In your book, you talk about how much the world has
changed since 9-11 and today, that in the beginning we had a vast
reservoir of world sympathy and could have mobilized it in a
meaningful war on terror. What do you think could be done to regain
some of that lost and squandered sympathy? Do you have any idea of
what opportunities we lost by squandering all that good
will?

There’s no short answer to this question. The answer to start
with: Stop doing things that make our problems worse (and
contemplating military action against Iran would be first on that
list).

What do you think a meaningful, realistic strategy to
combat terror would entail, given what’s going on now?

This is what my very long cover story in the current Atlantic
concerns.
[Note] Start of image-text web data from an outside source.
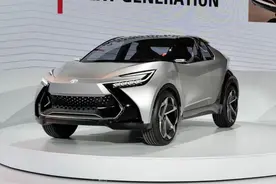 "铁窗泪"后排再收窄，设计比现款还夸张！全新C-HR还怎么赢缤智？图片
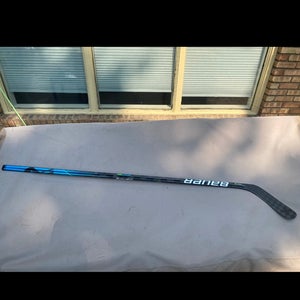 Bauer Right Handed Hockey Stick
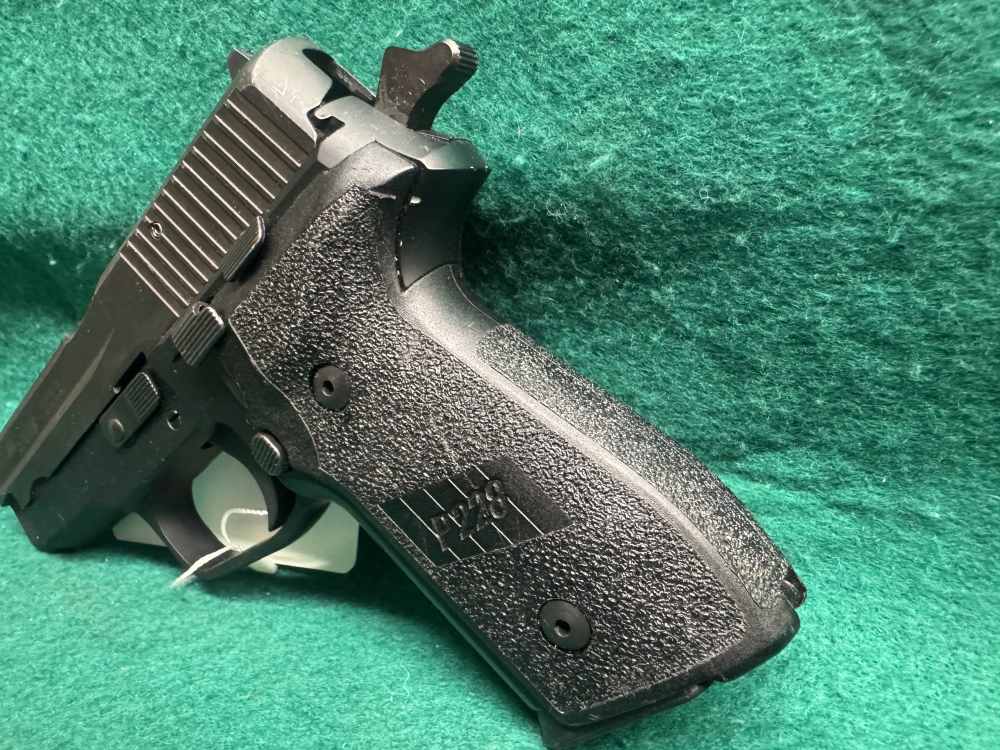 Sig Sauer P228 9mm-img-8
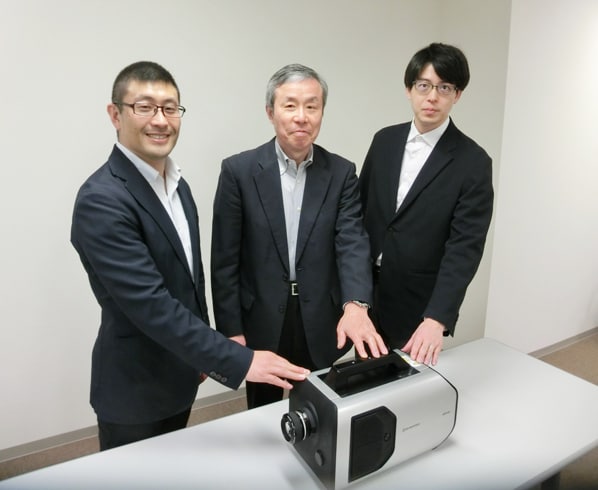 Profesor Rihito Kuroda (izquierda), Profesor Shigetoshi Sugawa (centro) y Profesor Adjunto Takezo Mawaki del New Industry Creation Hatchery Center de la Universidad de Tohoku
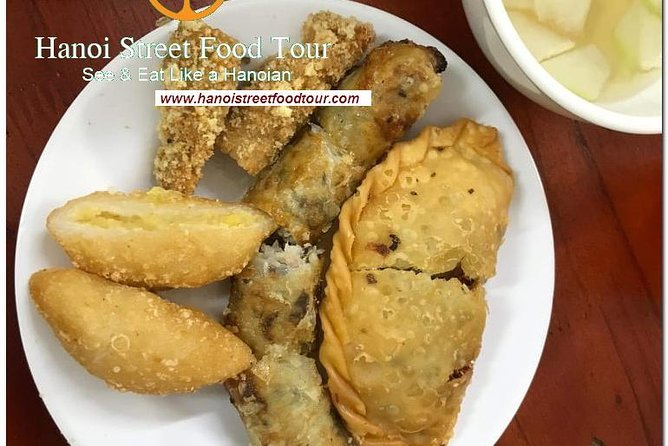 Hanoi Nightlife Street Food Tour with Small group - Starting in Hanoi’s Old Quarter after dark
Essentially, it involves (a) a recognition that in the
long term, the greatest threat posed by terrorism is the
self-defeating reactions it can provoke in the “target” country;
(b) encouraging the slow, unglamorous work of police efforts,
surveilliance, recruitment, penetration, etc. that led to the
British success in breaking the recent bombing plot; and (c)
recognizing that, again in the long run, the crucial advantage
America has is seeming to stand on the right side of history.

Virtually no one in the Islamic world embraces the “positive
vision” of Al Qaeda. There is no more than fringe support for the
idea of returning to a medieval Islamic life. The main fuel for al
Qaeda’s “copy-cat” groups is resentment of the United States and
the West, and we’re less likely to fuel that resentment if we shift
away from all-or-nothing, West-versus-Islam wartime rhetoric. One
crucial data point: home-ground Muslim organizations have been so
far a much greater threat in Europe than the United States,
precisely because America has been so much more open to true
assimilation by Muslims here. These “soft” virtues have huge
practical importance.

Is there any indication of an imminent threat from Iran,
either nuclear or conventional?

It depends on what you mean by imminent, and by threat. With
conventional means, the main thing Iran could do is make life even
harder for the U.S. in Iraq than it already is—or, disrupt the
world’s oil economy, although with a lot of side damage to Iran
itself. Obviously Iran’s leaders would like to develop a nuclear
capability. In their place, anyone would. And obviously the world
will become more complicated and, if not imminently, ultimately
more dangerous if there is yet another nuclear power. So the test
for the U.S., and most other countries as well, is to see what
combinations of incentives and penalties can persuade the Iranians
not to take this step.

How likely is a preemptive strike on Iran by (a) the
U.S., (b) Israel, or (c) a joint operation?

I don’t think this has ever been likely, at least on the U.S.
side. The American military is all too clearly aware of how many
problems would be created by a preemptive strike, and how few
problems would be solved. I know that groups within Israel’s
government have urged Israel to take this step itself, but the
practical limitations would be even greater than for the U.S. As a
negotiating reality, it might even be useful for both Israel and
the U.S. to act as if they were considering this step. But I don’t
think they have fooled themselves into thinking it is doable.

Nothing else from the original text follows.